━━ GIVEN MATERIAL ━━

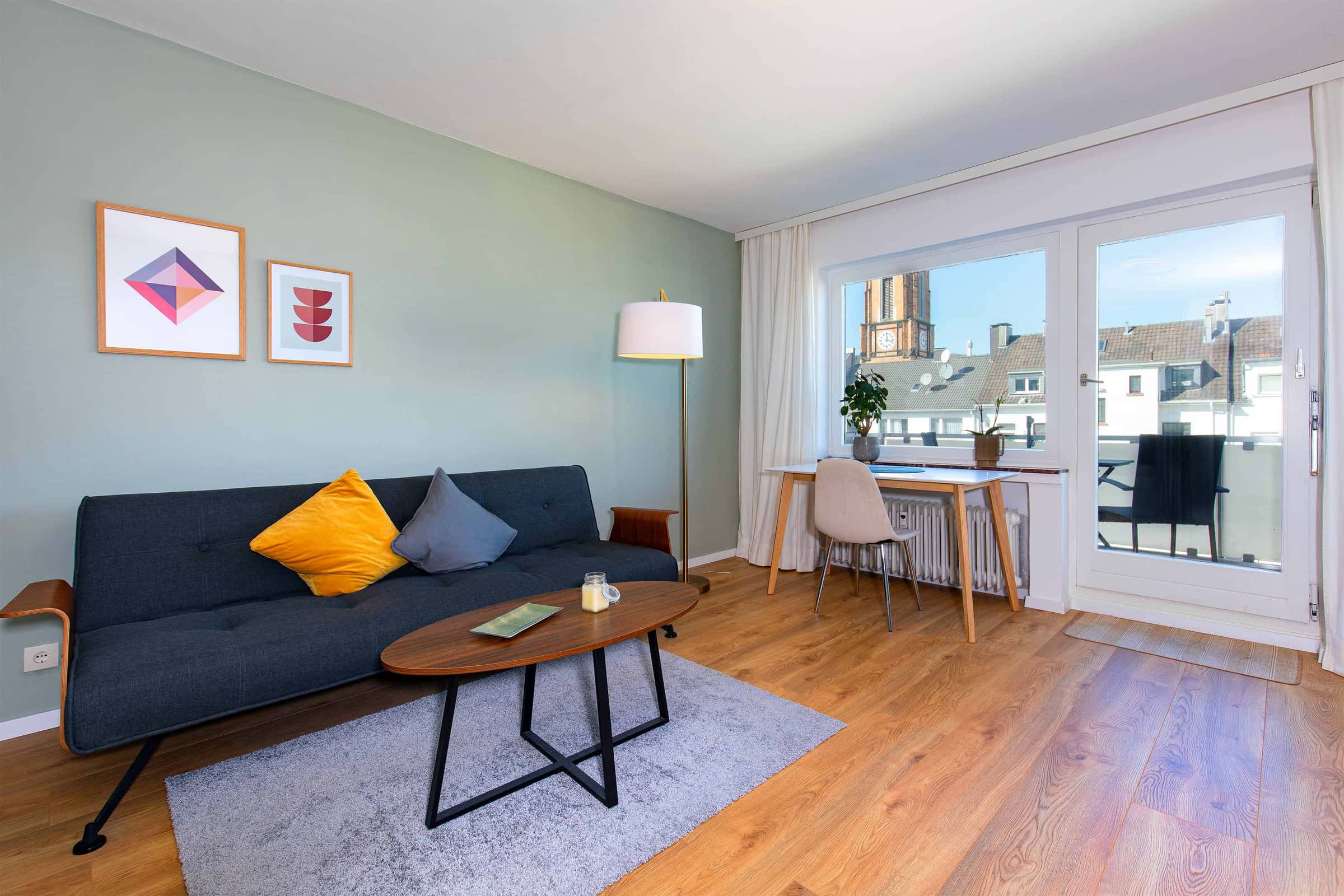 City-Apartment Mit Sonnenbalkon - City-Apartment mit Sonnenbalkon - Gallery - 1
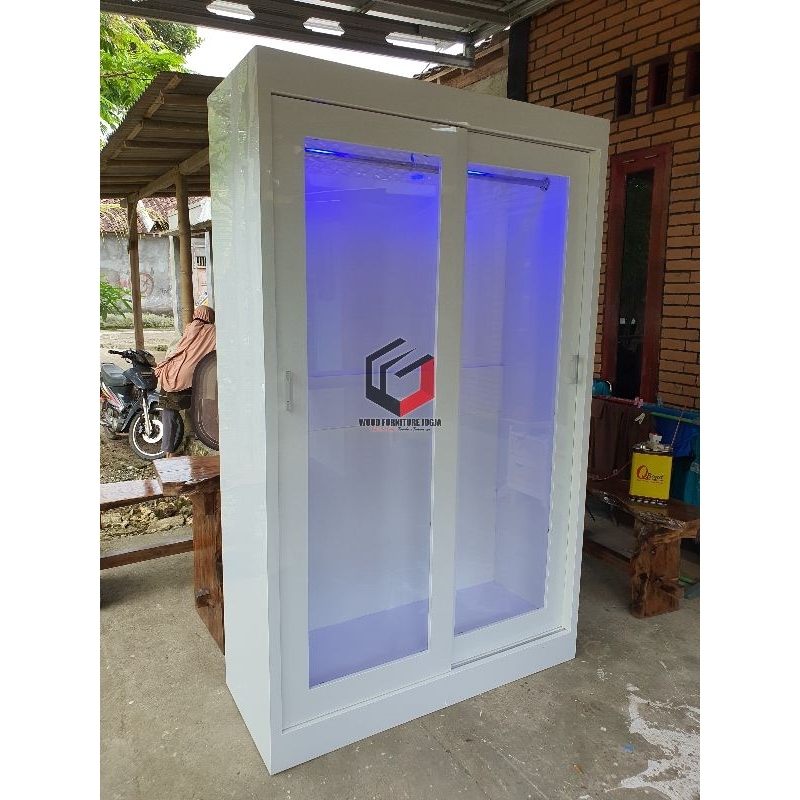 Lemari Full gantungan baju / Lemari salon / lemari display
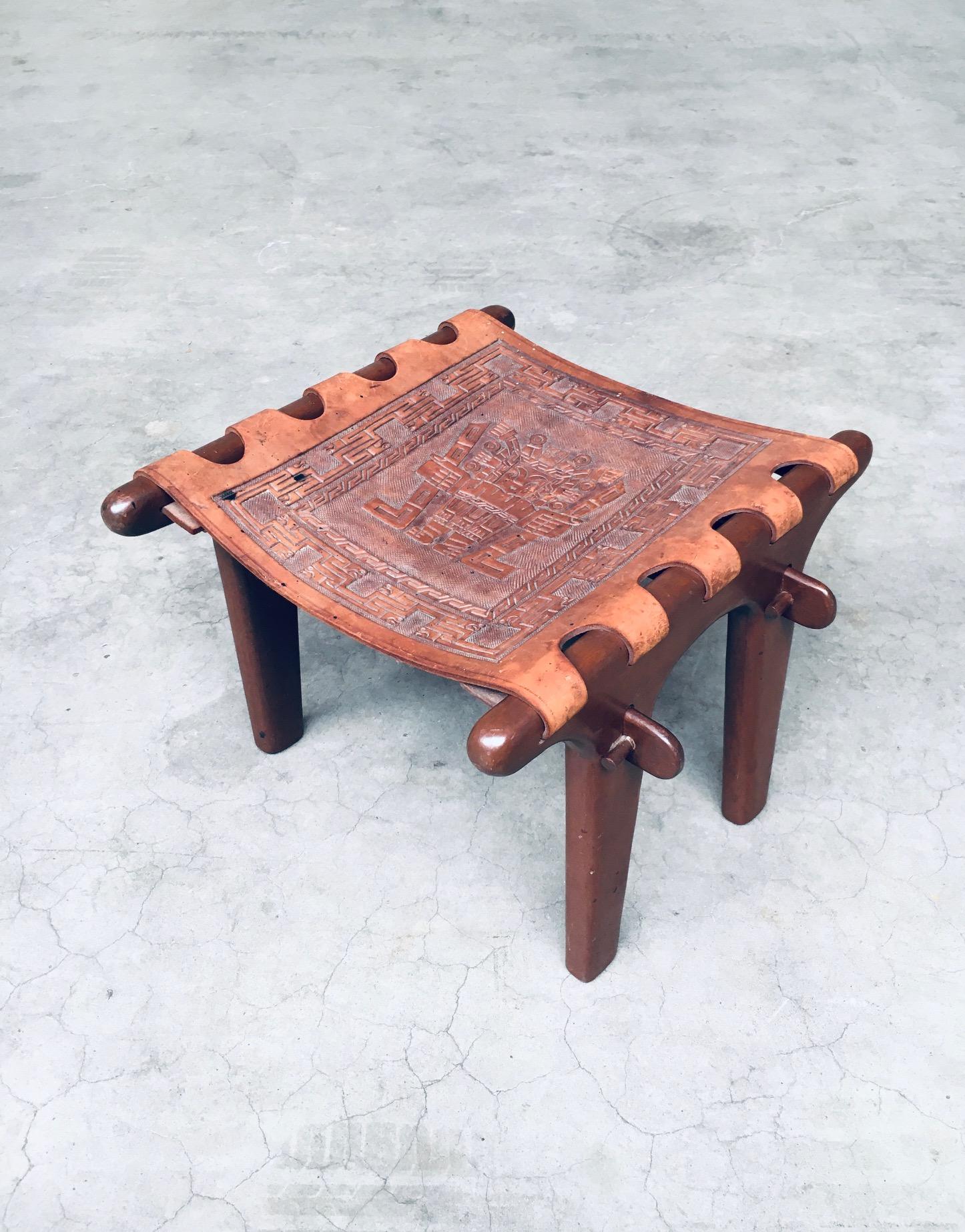 Set di sedie e pouf con fionda in pelle di Angel I. Pazmino, dal design del Medioevo 10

━━━

Exact reproduction is required for the lines from the one containing "Lemari Full gantungan" through the end of the material, and for those lines only, without pictures.

→ TASK RESULT:
 Lemari Full gantungan baju / Lemari salon / lemari display
 Set di sedie e pouf con fionda in pelle di Angel I. Pazmino, dal design del Medioevo 10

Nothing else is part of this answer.